Au-delà du fait que les contribuables soient mécontents de payer pour des conseils sans grands impacts (d’ailleurs considérés dès 2018 par un rapport de la Cour des comptes comme faibles, trop généraux et laconiques) un autre problème est venu se poser : les cabinets de conseil employés par l’État, et McKinsey surtout, ont eu accès à un grand nombre de données sensibles. En travaillant sur des dossiers comme la gestion de la vaccination contre le covid-19 ou d’autres dossiers industriels et stratégiques les cabinets peuvent en effet consulter toutes sortes d’informations confidentielles. Et bien que cela ne paraisse pas anormal au regard des missions qui leur sont confiées les citoyens n’ont pas vu d’un très bon œil que cela arrive aussi fréquemment, sur des dossiers si importants et surtout avec si peu de résultats.

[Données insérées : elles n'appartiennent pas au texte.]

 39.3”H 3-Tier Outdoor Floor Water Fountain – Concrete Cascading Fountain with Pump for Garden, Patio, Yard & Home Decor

Une opacité attisant la méfiance


Interrogée le 30 mars 2022 en pleine polémique la ministre de la transformation et de la fonction publique Amélie de Montchalin affirme « Il n’y a rien à cacher. Les règles ont été respectées ». Cependant, en dépit des recommandations de la Commission d’accès aux documents administratifs (CADA), qui a fait droit à la demande du Monde d’obtenir des documents de la présidence liés aux missions des cabinets de conseil entre 2017 et 2022, le journal n’obtiendra jamais les documents. Malgré des déclarations de bonne volonté, il apparaît clair que le gouvernement refuse toujours de se montrer véritablement transparent sur ses liens avec les cabinets de conseil, McKinsey en tête.